Recommending TV Shows via Collaborative Filtering

Predicting how much a user will like specific shows, based on their tastes and the tastes of similar users.


Imagine you are Netflix, Hulu, or any other streaming site that has to recommend new shows. Your goal is to recommend a new show only to those users who will enjoy it, so a big part of your product is the ability to measure a user’s tastes, and predict how much they will like new things.

In this post, I’ll demonstrate a common technique used in recommendation engines: collaborative filtering.

Algorithm overview

So what is collaborative filtering? Simply put, it is a technique to predict a person’s interest in a product, based on similar users’ preferences.

Typically, the most basic way to predict a new user’s affinity for a product is to look at how everyone else likes it. The base assumption in collaborative filtering is if two users have the same opinions on some known products, then the users are likely to share opinions on other things, like new products.

The technique isn’t limited to a single algorithm, but rather is made of a whole family of similar approaches, that generally consist of:

  • A method to decide how “similar” different users are, based on their preferences
  • A method to combine “similar” users’ preferences to create the prediction

The technique is simple, and can be applied to a broad range of problems. Some potential use-cases are:

  • Whether a person will buy a new brand of cereal
  • Which of political candidate the person more likely to vote for
  • How a person would rate a new TV show

In this post, I’ll demonstrate one approach to the third use-case. My goal will be to, as accurately as possible, predict a user’s interest level in a new show.


In this exercise I’ll use a set of 0-10 ratings users have given shows on the website MyAnimeList. The dataset is available on Kaggle.

I’ll be focusing on the “filtered” dataset available on Kaggle, simply to reduce the volume of data.

Initializing the data

It’s important to note here that, traditionally, collaborative filtering only considers a user’s behavior, rather than “who” they are. This would mean that the dataset could consist of how the user rated certain shows, whether they clicked certain links, whether they bought certain items, or how much time they spent on certain pages. The dataset would not include information like the user’s age, gender, ethnicity, or the country they reside in.

In our dataset, we will only look at the users and the ratings they gave to shows, which are contained in animelists_filtered.csv. As I’m doing this analysis on a laptop, I’ll also be limiting the number of shows.

import pandas as pd

reviews = pd.read_csv('animelists_filtered.csv', nrows=200000, 
			usecols=['username', 'anime_id', 'my_score'])
# downsample to a complete set of reviews for a subset of shows
reviews = reviews[reviews['anime_id'].isin(reviews['anime_id'].unique()[:-1])]

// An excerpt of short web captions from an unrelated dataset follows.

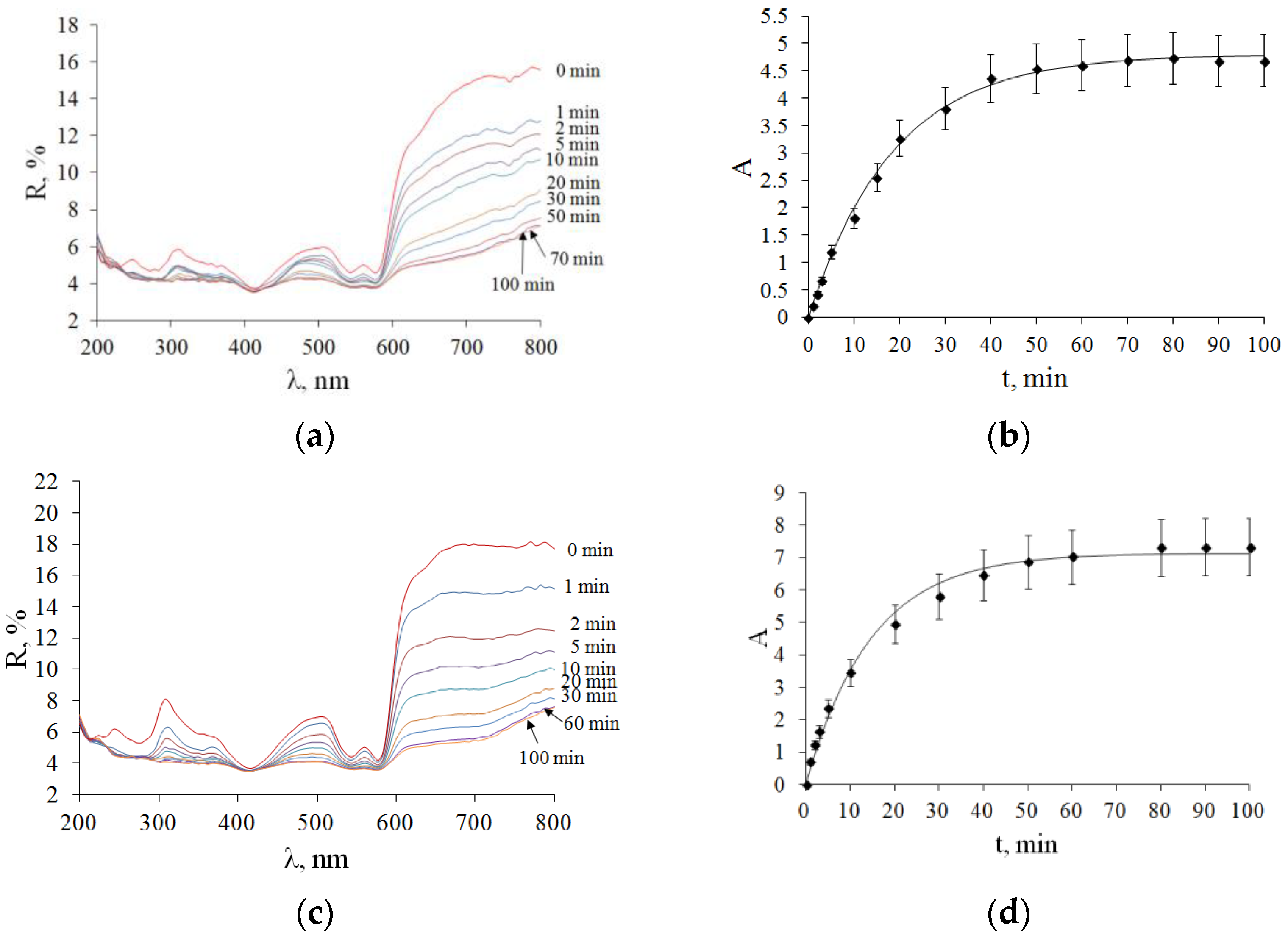 Diagnostics 13 00490 g009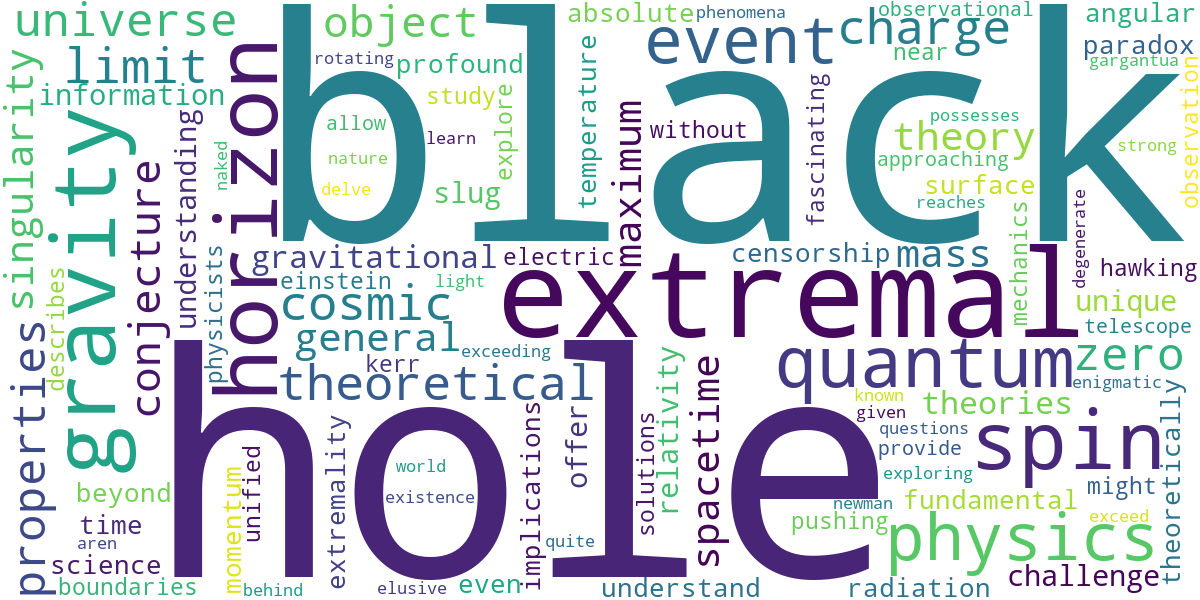 Word cloud for article: Extremal Black Holes: Pushing Physics Boundaries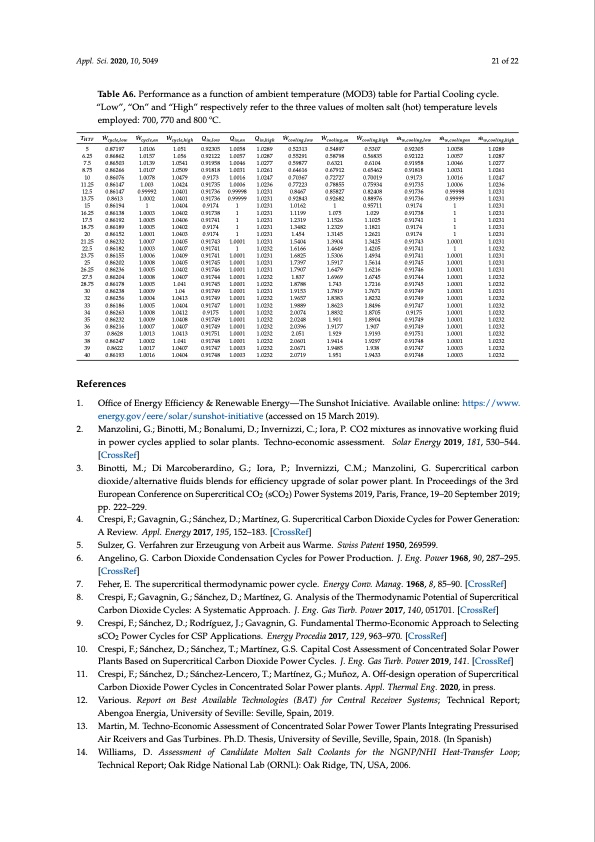 supercritical-co2-power-solar-power-plants-021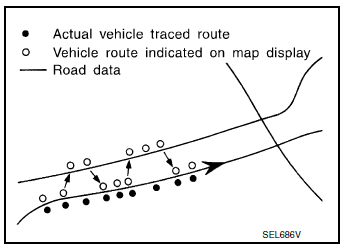 Map-matching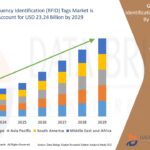 Property Management Market Demand Trends and Future Forecasts 2032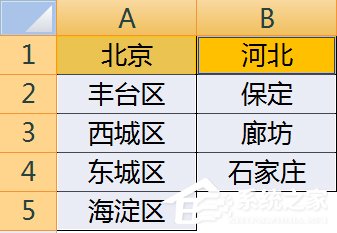 怎么使用Excel做二级下拉菜单？
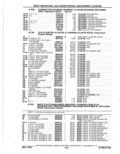 Previous Page - Parts Catalog 10 September 1978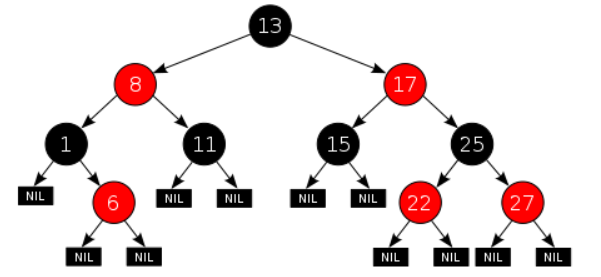 简单红黑树示例图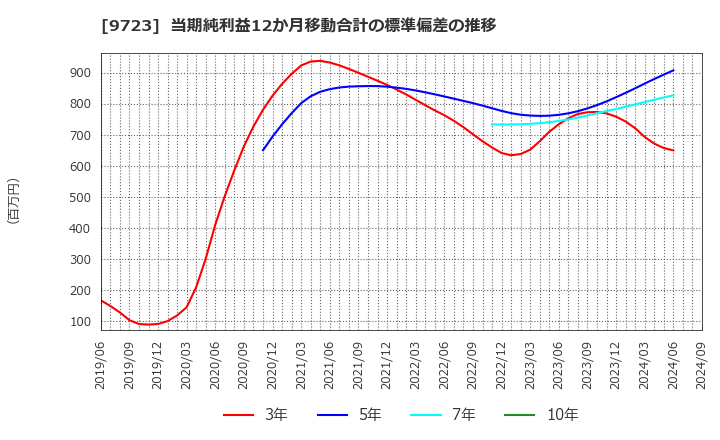 9723 (株)京都ホテル: 当期純利益12か月移動合計の標準偏差の推移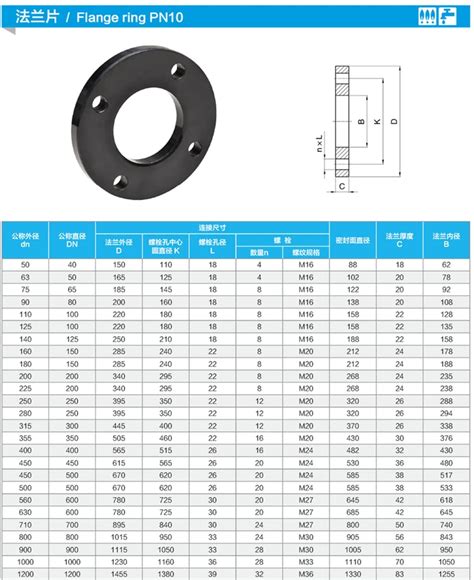 Dn500 110mm Pn10 Epoxy Coated Carbon Steel Flange Backing Ring For Hdpe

# pivot for one row per user, and column per anime
reviews = pd.pivot_table(reviews, index='username', 
			columns='anime_id', values='my_score', aggfunc=max)

Looking at our dataset, we have the “classic” collaborative filtering layout: one row per user, with their preferences (in this case, a rating 0-10) for each show in each column.

cornivious 0.0    0.0 
Acid10.07.0   8.08.0 
xDivinityXD 10.010.0
Seismic   8.0 8.0  

Defining the targets

One of the best parts of collaborative filtering is that the technique is target-agnostic - once you determine who similar users are, you can map any one of their preferences onto the others.

In the spirit of this, I will demonstrate using the same filtering algorithm to predict three different shows: by index they are [210, 232, 233], but by name they are Ranma ½, Cardcaptor Sakura, and Daa! Daa! Daa!.

Looking at how users have rated the shows:

We can see an interesting pattern across all three shows, where the majority of people who bother to rate a show do so to assert their dislike of it (hense the spikes at zero). Everybody else offered a little more granularity, with most people really liking it and a long tail towards 0.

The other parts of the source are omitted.